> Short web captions

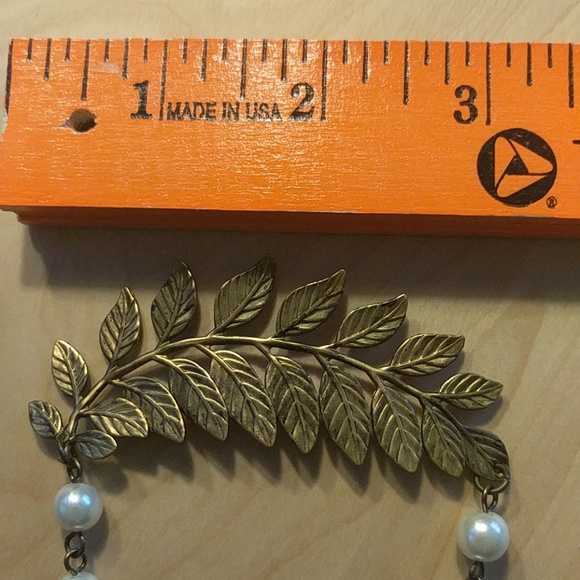 Branch and Pearl Necklace - Picture 6 of 6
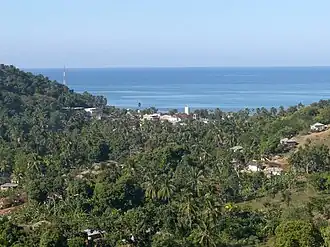 Blick über den Ort auf das Meer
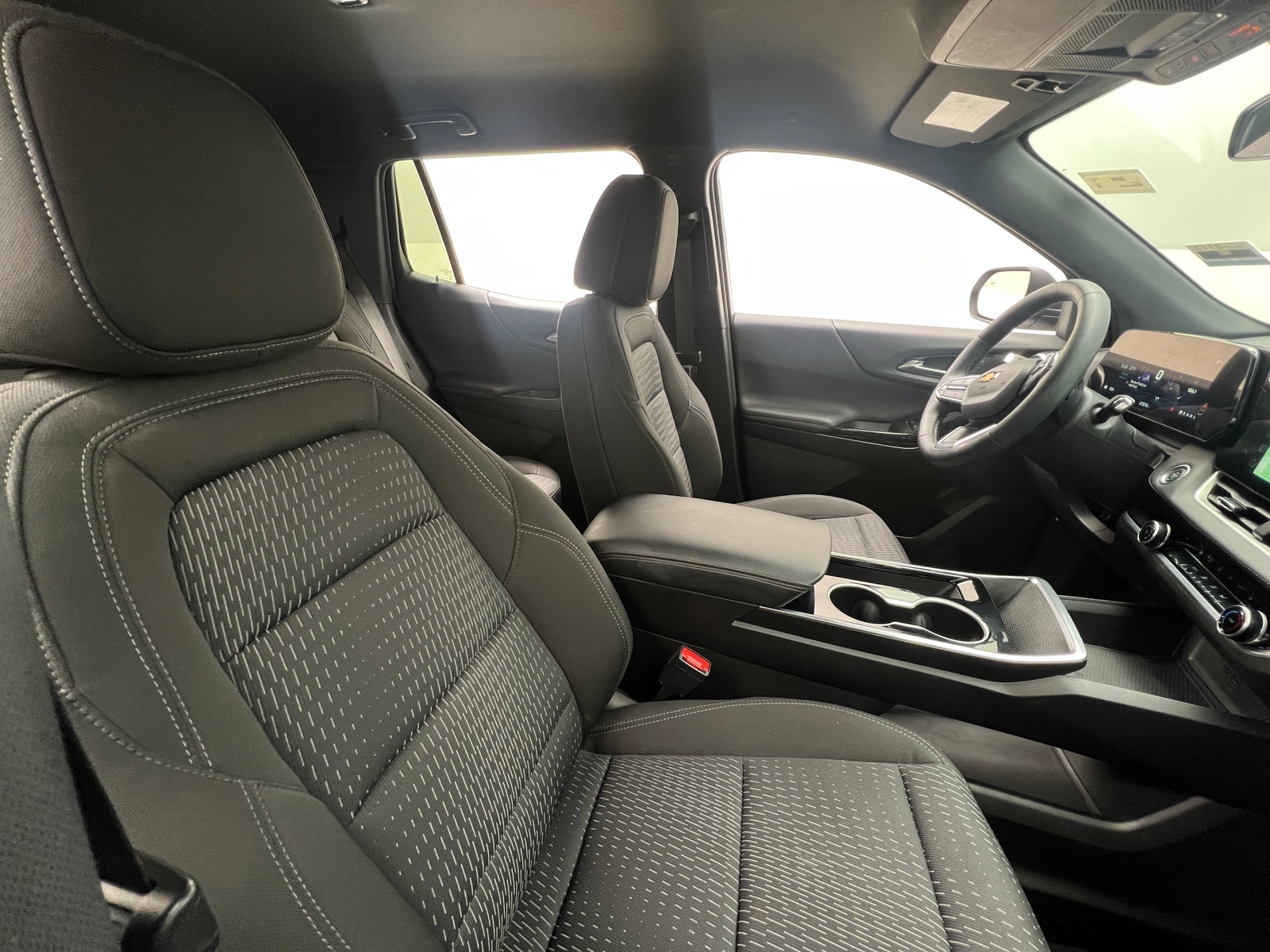 Thumbnail: 2025 Chevrolet Equinox - 2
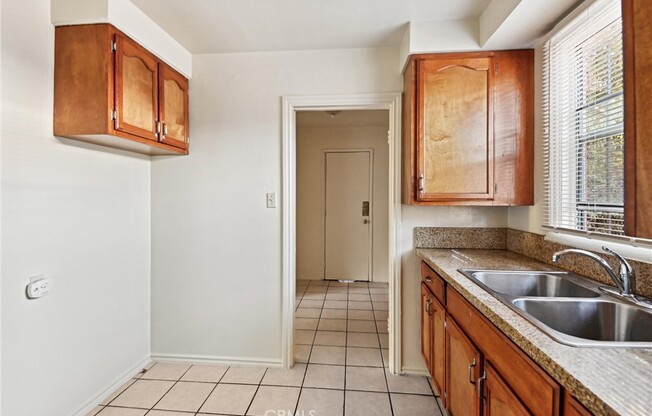 1 bed, 1 bath, 572 sqft, $1,799, Unit 3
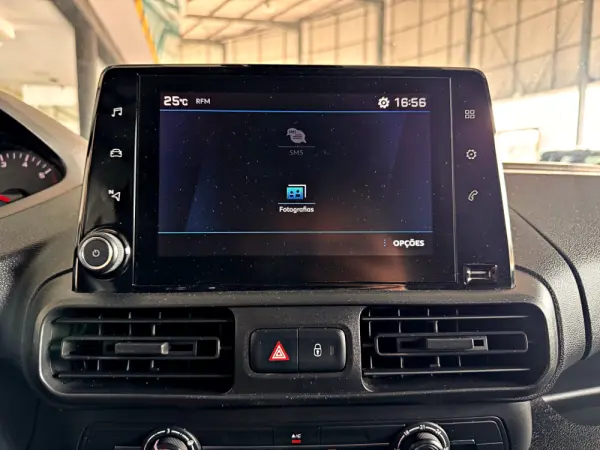 Peugeot Partner 1.6 BlueHDi Confort 19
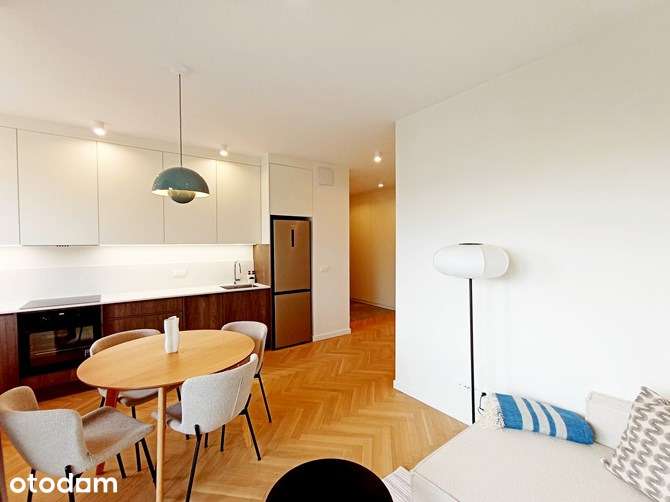 3-pokojowe z balkonem i garażem, Praga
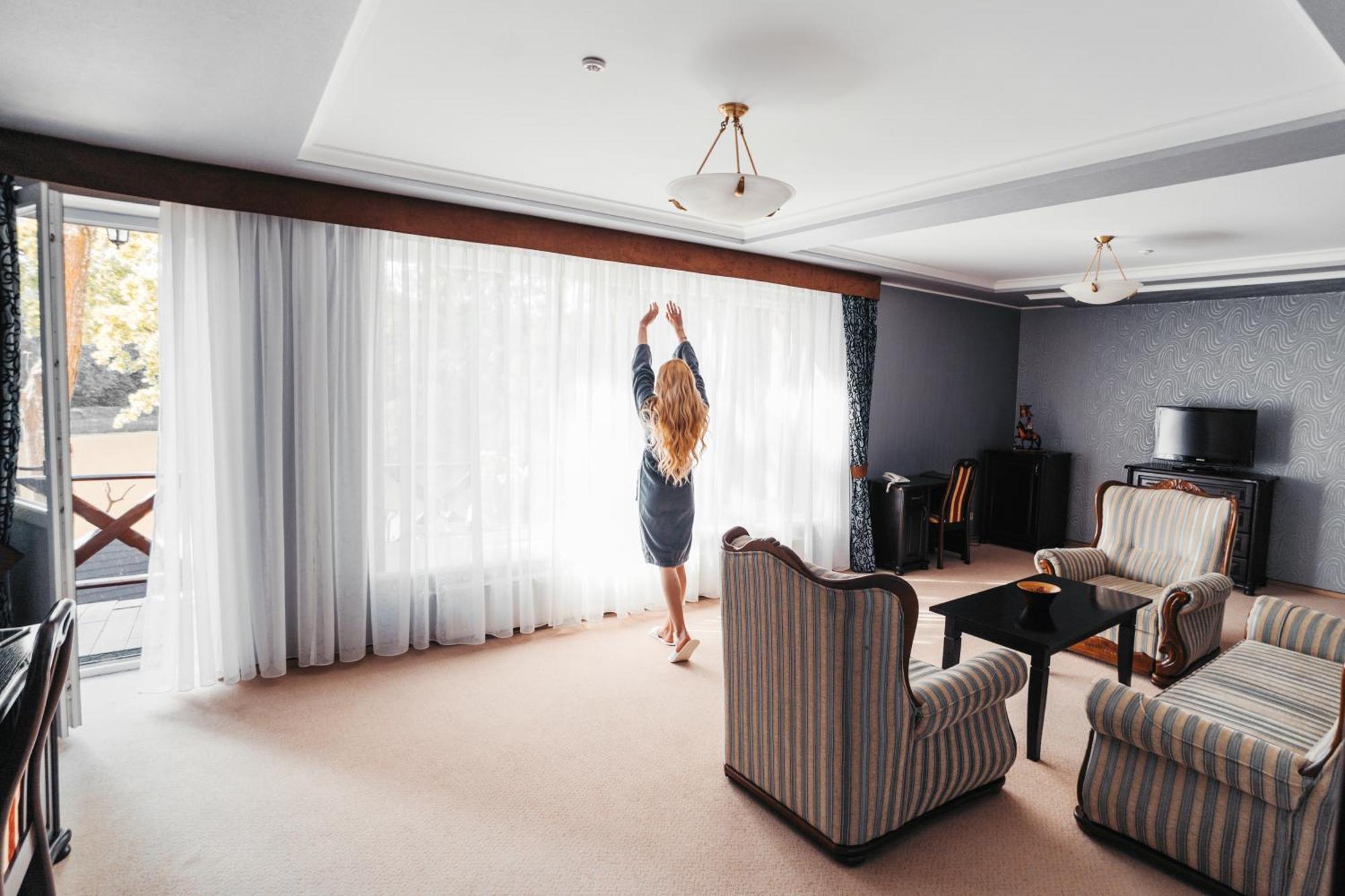 Sherwood Hotel Dolgomostiska Luaran gambar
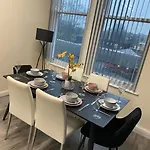 Daire Betty's Apartment- Metres From Train Station *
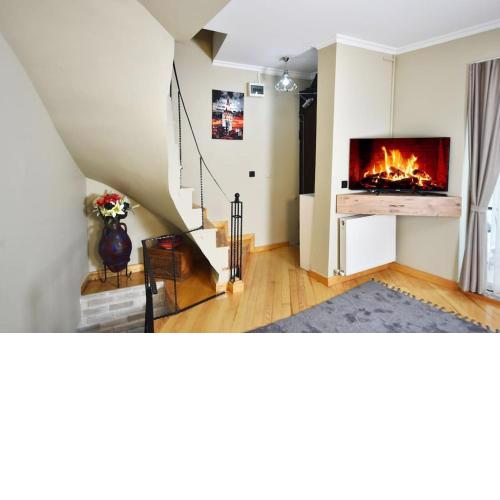 Bonjour House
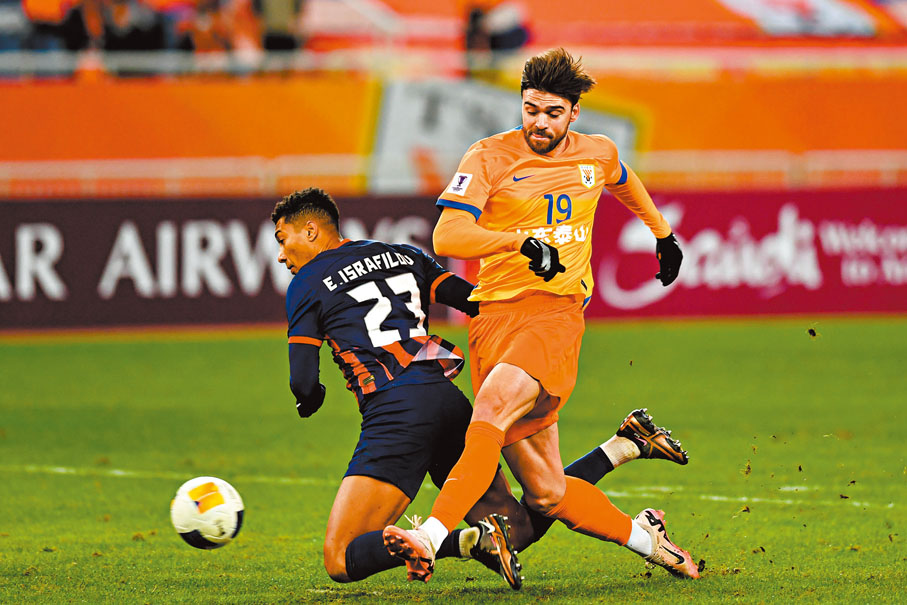 ●山東泰山隊球員澤卡（右）在比賽中射門得分。  新華社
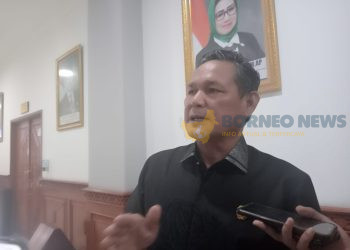 Yan Ipui Dorong Penguatan Anggaran Pendidikan di SMP Negeri 1 Rantau Pulung
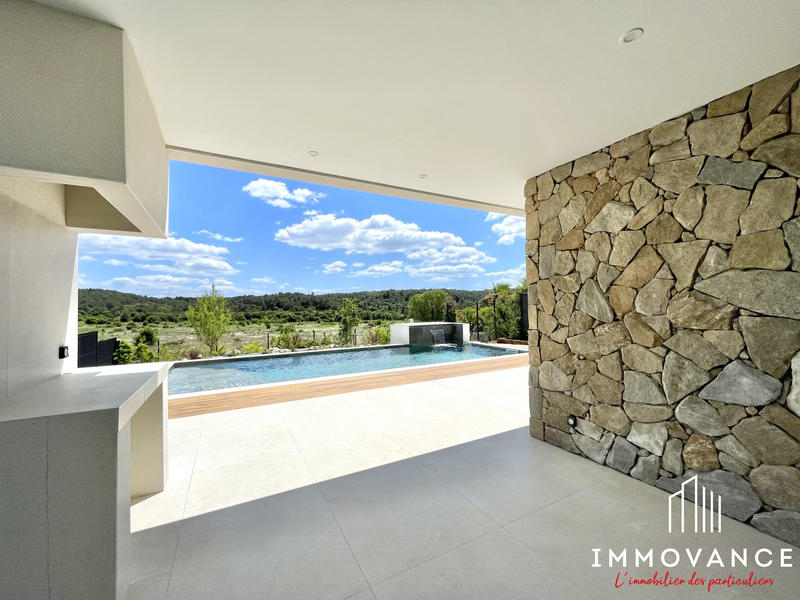 Maison contemporaine - 174 m² - 7 pièces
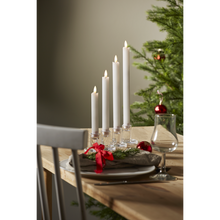 Lade das Bild in den Galerie-Viewer, 4er Set LED-Kerzen versch. Größen, weiß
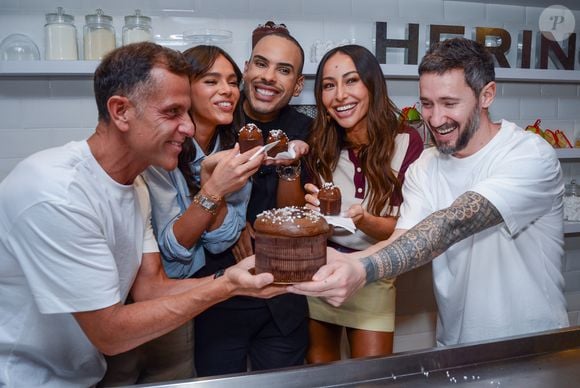 No evento estiveram presentes Bruna Marquezine, Sabrina Sato, Hugo Gloss além do chef internacional, que capricharam ao cozinhar panettones de chocolate.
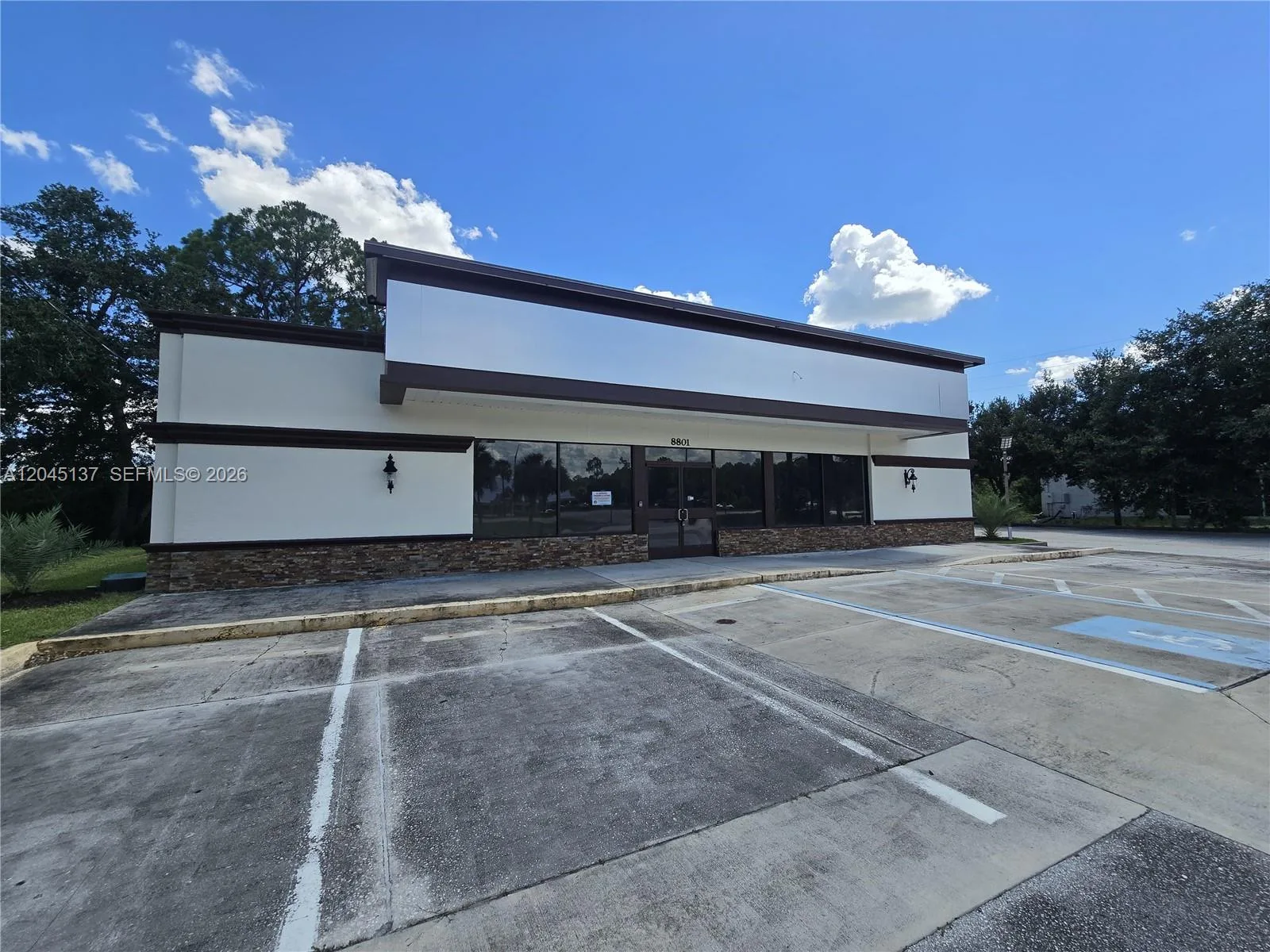 8801 20th St, Vero Beach, FL 32966 photo 2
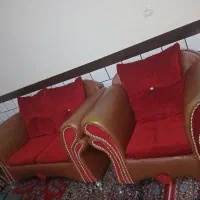 مبل چرم بدون پوسیدگی و دوعدد لوستر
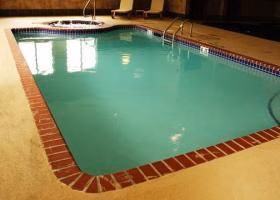 Comfort Inn & Suites2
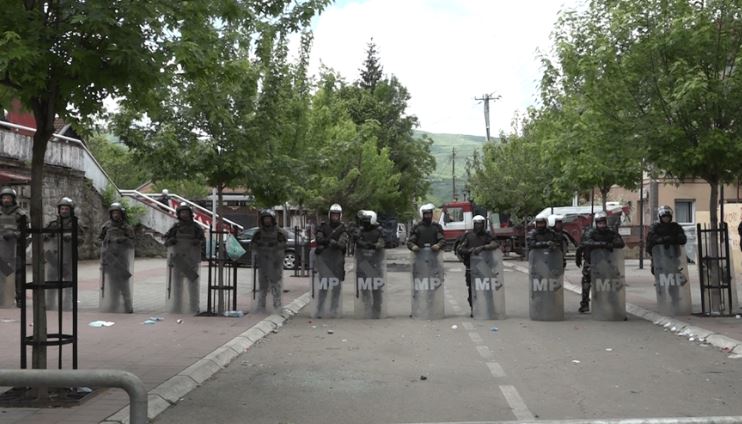 Situatë e qetë në veri, numri i protestuesve simbolik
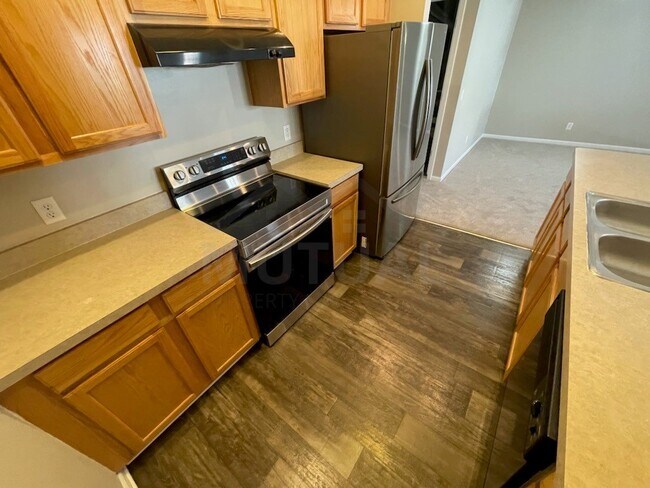 Building Photo - 40564 Blythefield Ln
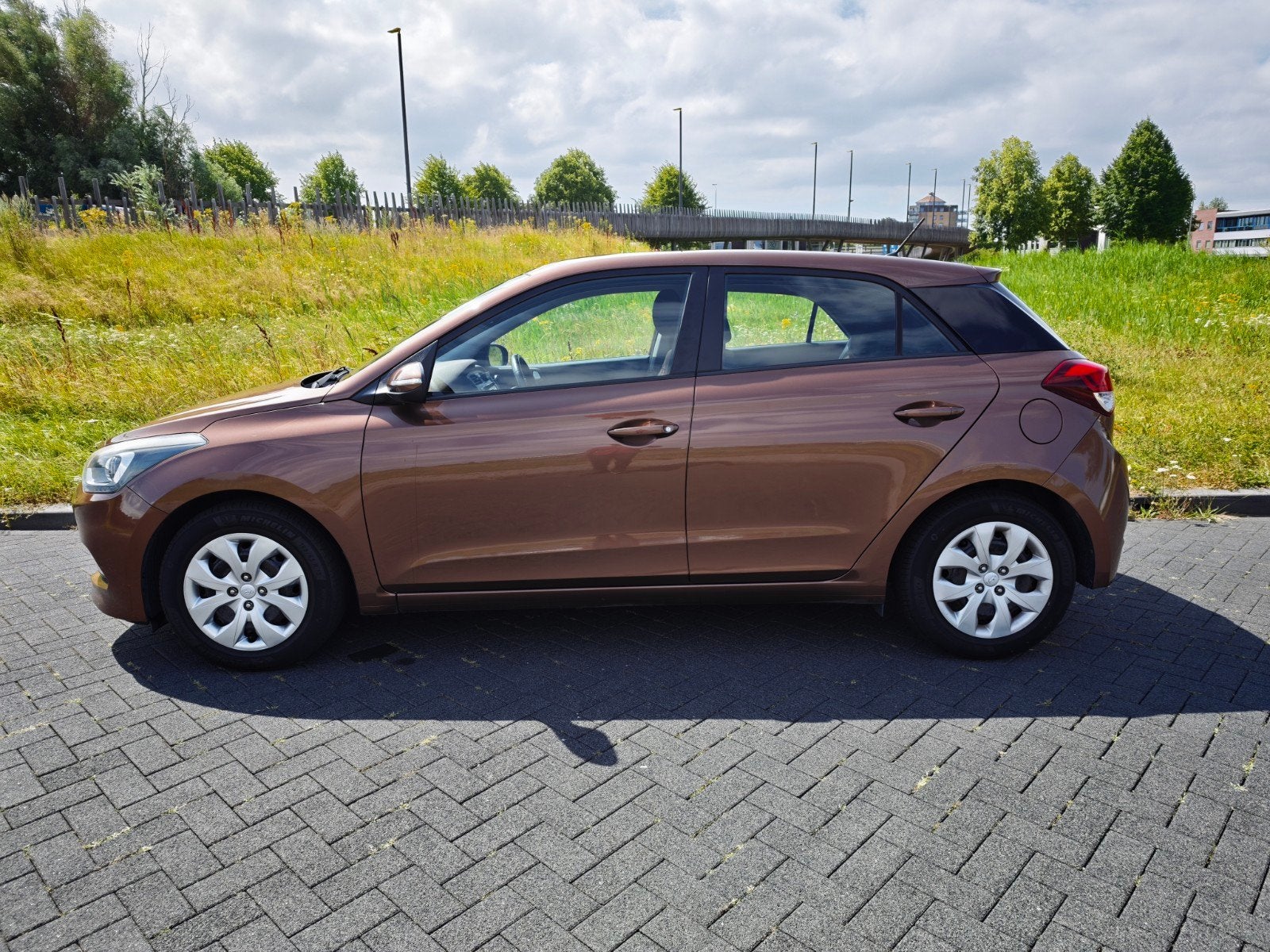 Hyundai i20 1.2i HP Blue 84PK 5D 2015 Bruin, Auto's, 40 €/maand, 4 cilinders, Bruin, Handgeschakeld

> WHAT IS EXPECTED
Word for word, give the entries above again, with no images included.

> SOLUTION TO THIS TASK
 Branch and Pearl Necklace - Picture 6 of 6
 Blick über den Ort auf das Meer
 Thumbnail: 2025 Chevrolet Equinox - 2
 1 bed, 1 bath, 572 sqft, $1,799, Unit 3
 Peugeot Partner 1.6 BlueHDi Confort 19
 3-pokojowe z balkonem i garażem, Praga
 Sherwood Hotel Dolgomostiska Luaran gambar
 Daire Betty's Apartment- Metres From Train Station *
 Bonjour House
 ●山東泰山隊球員澤卡（右）在比賽中射門得分。  新華社
 Yan Ipui Dorong Penguatan Anggaran Pendidikan di SMP Negeri 1 Rantau Pulung
 Maison contemporaine - 174 m² - 7 pièces
 Lade das Bild in den Galerie-Viewer, 4er Set LED-Kerzen versch. Größen, weiß
 No evento estiveram presentes Bruna Marquezine, Sabrina Sato, Hugo Gloss além do chef internacional, que capricharam ao cozinhar panettones de chocolate.
 8801 20th St, Vero Beach, FL 32966 photo 2
 مبل چرم بدون پوسیدگی و دوعدد لوستر
 Comfort Inn & Suites2
 Situatë e qetë në veri, numri i protestuesve simbolik
 Building Photo - 40564 Blythefield Ln
 Hyundai i20 1.2i HP Blue 84PK 5D 2015 Bruin, Auto's, 40 €/maand, 4 cilinders, Bruin, Handgeschakeld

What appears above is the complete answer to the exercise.